Must I make a Spanish Testament?
This is a question that many of our clients raise, especially after buying a property in Spain.
Well, the answer to the question is this: You MUST not but you SHOULD.
If you are a foreign citizen and you haven’t signed a Will in Spain, your heirs will have to prove that they are entitled to receive your inheritance, via a “Grant of Probate”, or it’s equivalent. Also, In order to be recognized in Spain, any foreign document will need to be stamped with a special seal called “Apostille”, translated officially into Spanish, and sent to Spain. If instead of only one, you appointed several executors (and forgot to mention that any of them could do this work) they all together will have to give a power of attorney to a Spanish solicitor, or they might be obliged to come to Spain, at your heir’s expense, to sign the necessary documents.
As you can imagine, the process is lengthy and can be costly, therefore, though it is not a must, it is highly advisable to make a Spanish Will f mind that your benefactors receive what they are due according to your wishes.
But that’s not the only reason to make a will. The new Succession Regulation (EU) 650/12 of the European Parliament entered into force in Spain on the 17th August 2015, affecting foreign owners of properties in Spain who are (or will be) resident in this country, and in some way it might also affect those who may be considered resident by forced heirs. Under this new Regulation, any EU national who has property in Spain can choose either the law of the country of their habitual residence, or the law of their nationality to rule his inheritance. If no choice is made, then the default position is that the succession of their estate will be governed by the State of their habitual residence. In Spain, this means that both descendants (children or grandchildren) and ascendants (parents or grandparents) will inherit with priority over a surviving spouse, meaning that any previous will that may have been prepared, if unchecked, may be successfully contested by forced heirs under Spanish Succession Laws, unless the will specifically states that it be governed by his own national law.So this is clearly another good reason to make a Will in Spain!

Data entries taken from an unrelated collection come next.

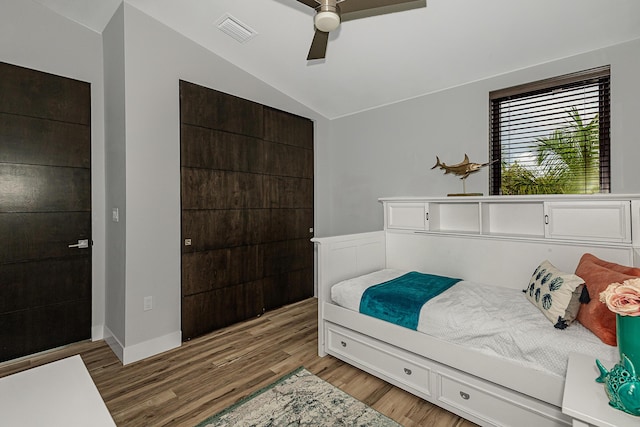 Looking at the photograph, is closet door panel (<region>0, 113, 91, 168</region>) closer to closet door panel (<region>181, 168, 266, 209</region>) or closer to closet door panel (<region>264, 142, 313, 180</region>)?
closet door panel (<region>181, 168, 266, 209</region>)

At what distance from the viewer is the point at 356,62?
9.73 ft

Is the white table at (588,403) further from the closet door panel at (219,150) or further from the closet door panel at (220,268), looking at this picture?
the closet door panel at (219,150)

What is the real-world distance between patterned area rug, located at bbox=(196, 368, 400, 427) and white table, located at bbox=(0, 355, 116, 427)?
76cm

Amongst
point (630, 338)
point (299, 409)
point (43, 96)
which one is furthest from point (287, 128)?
point (630, 338)

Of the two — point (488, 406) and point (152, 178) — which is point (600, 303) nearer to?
point (488, 406)

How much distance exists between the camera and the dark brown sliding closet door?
9.28 ft

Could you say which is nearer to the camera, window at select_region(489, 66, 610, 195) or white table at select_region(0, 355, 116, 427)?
white table at select_region(0, 355, 116, 427)

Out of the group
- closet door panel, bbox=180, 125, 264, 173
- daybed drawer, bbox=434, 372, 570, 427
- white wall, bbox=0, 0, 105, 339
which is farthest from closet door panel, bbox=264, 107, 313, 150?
daybed drawer, bbox=434, 372, 570, 427

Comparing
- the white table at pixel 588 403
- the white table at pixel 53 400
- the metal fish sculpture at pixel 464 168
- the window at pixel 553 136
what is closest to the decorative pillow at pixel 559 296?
the white table at pixel 588 403

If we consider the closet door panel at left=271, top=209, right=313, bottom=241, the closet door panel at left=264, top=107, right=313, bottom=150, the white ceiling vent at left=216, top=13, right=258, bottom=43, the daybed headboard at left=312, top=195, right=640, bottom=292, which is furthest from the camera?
the closet door panel at left=271, top=209, right=313, bottom=241

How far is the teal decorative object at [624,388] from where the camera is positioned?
3.22 ft

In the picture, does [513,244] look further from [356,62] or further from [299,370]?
[356,62]

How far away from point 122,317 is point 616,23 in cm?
434

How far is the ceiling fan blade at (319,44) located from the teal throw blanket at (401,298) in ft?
5.75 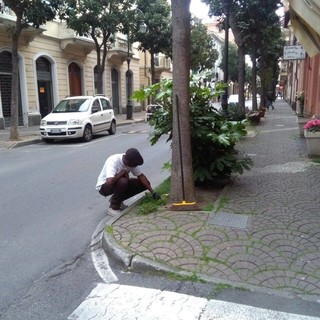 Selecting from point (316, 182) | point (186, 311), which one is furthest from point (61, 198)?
point (316, 182)

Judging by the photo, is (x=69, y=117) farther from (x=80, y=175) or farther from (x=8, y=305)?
(x=8, y=305)

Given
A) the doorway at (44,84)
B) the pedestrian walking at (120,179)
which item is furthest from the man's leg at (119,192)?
the doorway at (44,84)

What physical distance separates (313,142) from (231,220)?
5.18 meters

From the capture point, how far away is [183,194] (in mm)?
5406

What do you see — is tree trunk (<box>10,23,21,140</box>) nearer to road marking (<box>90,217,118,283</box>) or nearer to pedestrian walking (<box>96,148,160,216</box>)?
pedestrian walking (<box>96,148,160,216</box>)

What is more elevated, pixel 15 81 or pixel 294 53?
pixel 294 53

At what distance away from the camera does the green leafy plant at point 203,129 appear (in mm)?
6164

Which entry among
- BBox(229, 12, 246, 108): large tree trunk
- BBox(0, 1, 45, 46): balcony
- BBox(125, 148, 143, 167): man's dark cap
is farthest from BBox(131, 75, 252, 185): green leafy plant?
BBox(0, 1, 45, 46): balcony

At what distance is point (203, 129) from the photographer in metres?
6.09

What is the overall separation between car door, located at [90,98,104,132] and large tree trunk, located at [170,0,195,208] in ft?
32.8

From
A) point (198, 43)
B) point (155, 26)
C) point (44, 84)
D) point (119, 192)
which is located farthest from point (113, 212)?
point (198, 43)

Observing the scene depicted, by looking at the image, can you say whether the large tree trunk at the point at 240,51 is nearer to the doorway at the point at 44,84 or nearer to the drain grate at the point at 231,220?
the doorway at the point at 44,84

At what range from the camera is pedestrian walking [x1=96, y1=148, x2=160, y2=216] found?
17.6 feet

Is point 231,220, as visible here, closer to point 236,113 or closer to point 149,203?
point 149,203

This is where we can help. We have been arranging Wills for our clients for over 25 years, giving us valuable experience in this field. This together with our legal knowledge of the inheritance process helps to make things very easy for you. If you would like us to arrange your Spanish Will, please spend a few moments filling out this form providing us with some personal details and stating to whom you want to leave your assets in Spain. We will then prepare a draft of the Will, and once you have approved it, we will arrange an appointment with the Notary, where you will sign your Will, with us acting as translators.
The Spanish Testament is prepared in a bilingual format (Spanish and English), the original will remains at the Notary and is registered in Madrid and we will provide you with both hard and electronic copies, and if you wish we will keep a copy in our files.